● **What is needed**: Excerpt from the entries below: please repeat exactly the lines from the one containing "Elijah Wood, Paul" through the last one, both ends included, with no pictures.

● **Input material**:

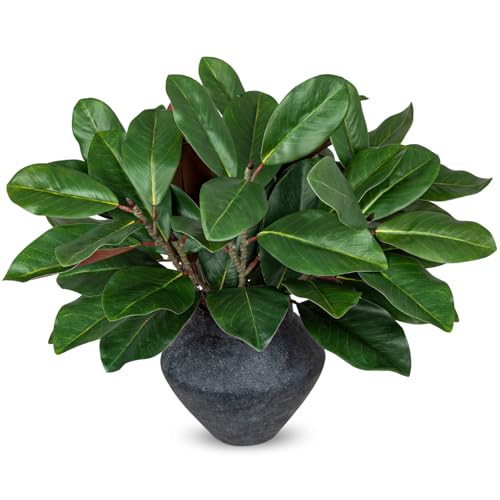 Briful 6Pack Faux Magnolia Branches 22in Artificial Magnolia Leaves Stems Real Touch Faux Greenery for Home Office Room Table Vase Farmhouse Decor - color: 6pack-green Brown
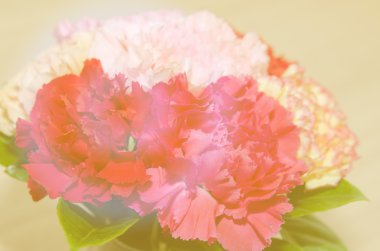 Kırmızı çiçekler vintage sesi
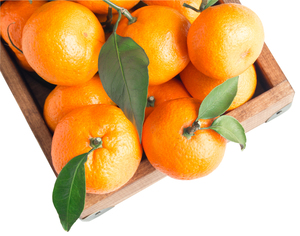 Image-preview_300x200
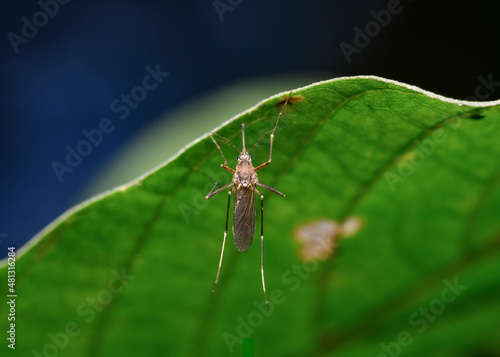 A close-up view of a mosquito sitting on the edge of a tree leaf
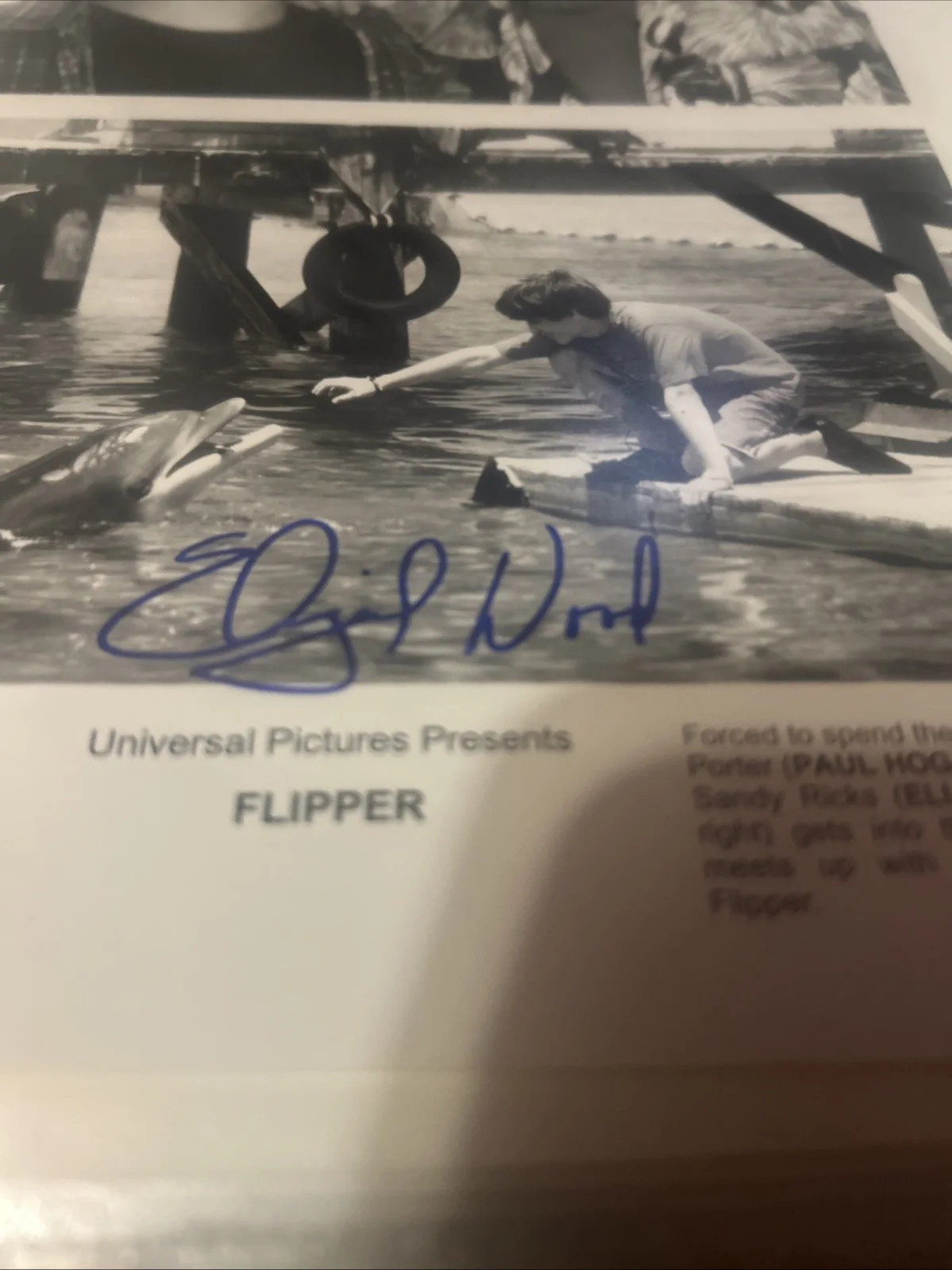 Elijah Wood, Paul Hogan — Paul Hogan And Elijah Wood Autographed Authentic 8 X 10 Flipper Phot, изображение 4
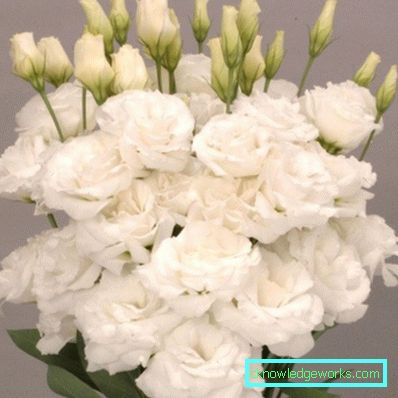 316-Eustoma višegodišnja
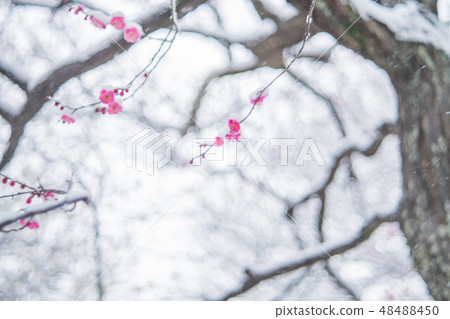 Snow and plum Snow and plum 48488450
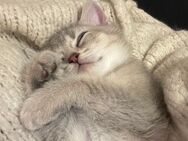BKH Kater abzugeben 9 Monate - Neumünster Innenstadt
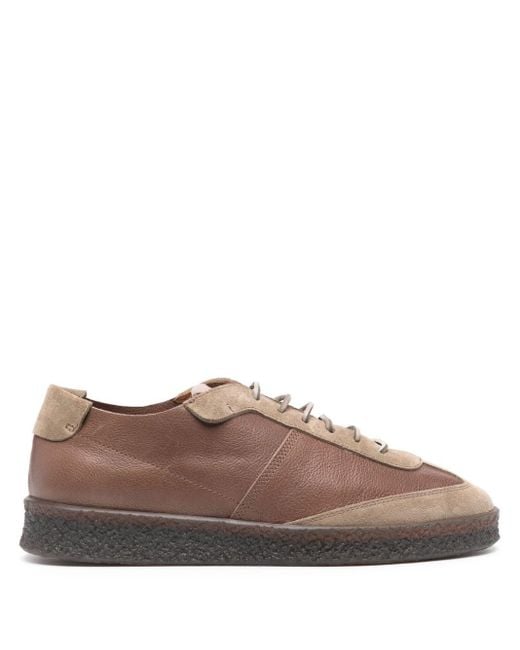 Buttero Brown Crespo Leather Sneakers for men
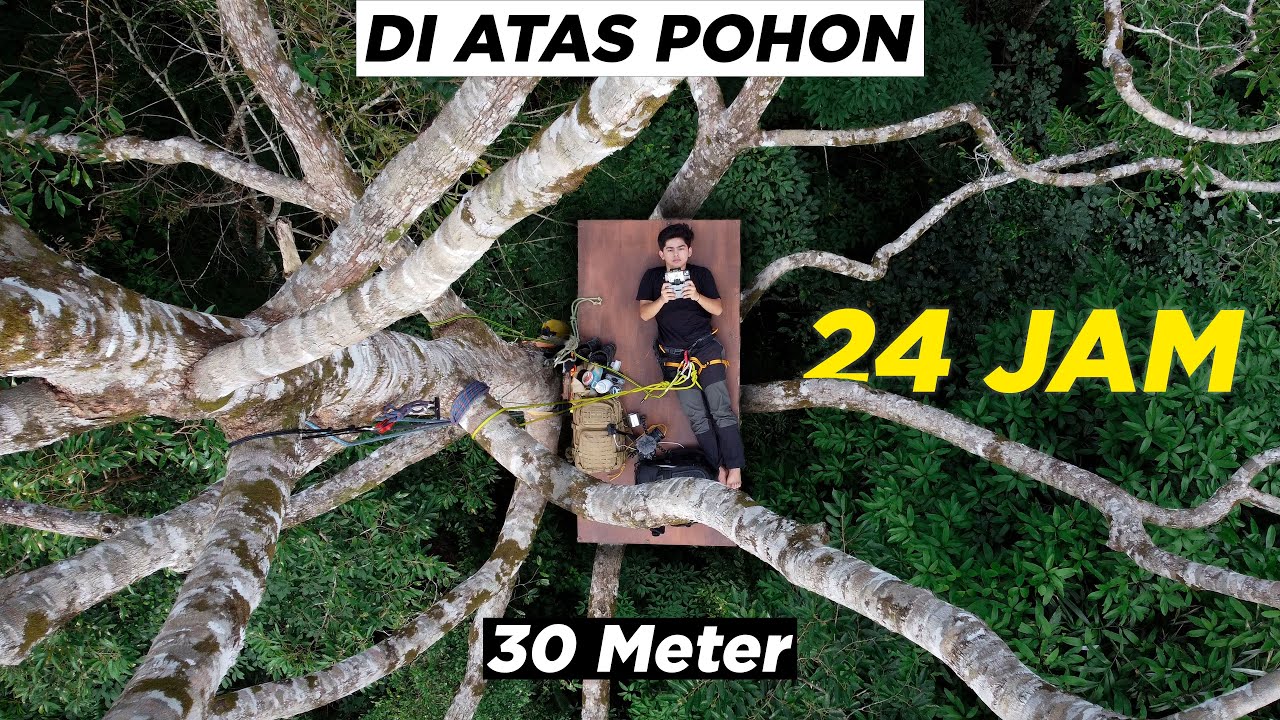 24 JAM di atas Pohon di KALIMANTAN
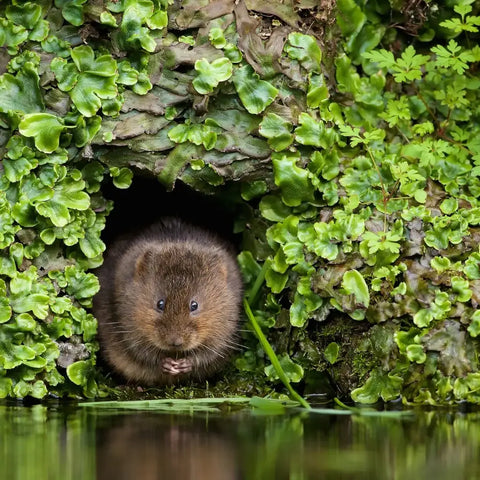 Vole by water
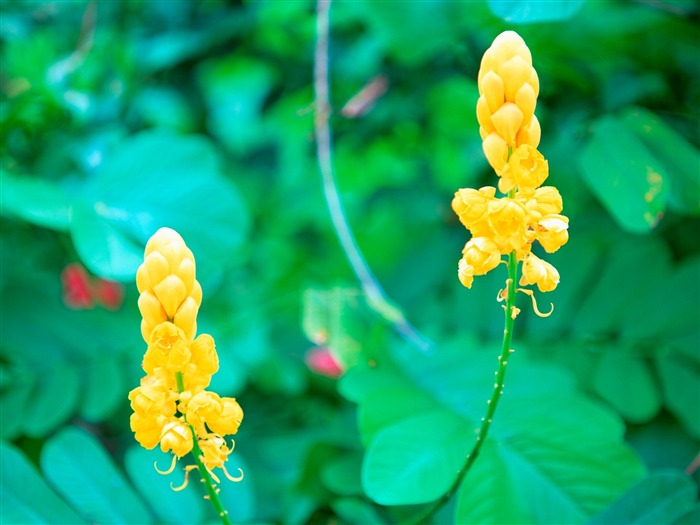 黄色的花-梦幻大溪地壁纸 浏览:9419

● **Output of the task**:
 Elijah Wood, Paul Hogan — Paul Hogan And Elijah Wood Autographed Authentic 8 X 10 Flipper Phot, изображение 4
 316-Eustoma višegodišnja
 Snow and plum Snow and plum 48488450
BKH Kater abzugeben 9 Monate - Neumünster Innenstadt
 Buttero Brown Crespo Leather Sneakers for men
 24 JAM di atas Pohon di KALIMANTAN
 Vole by water
 黄色的花-梦幻大溪地壁纸 浏览:9419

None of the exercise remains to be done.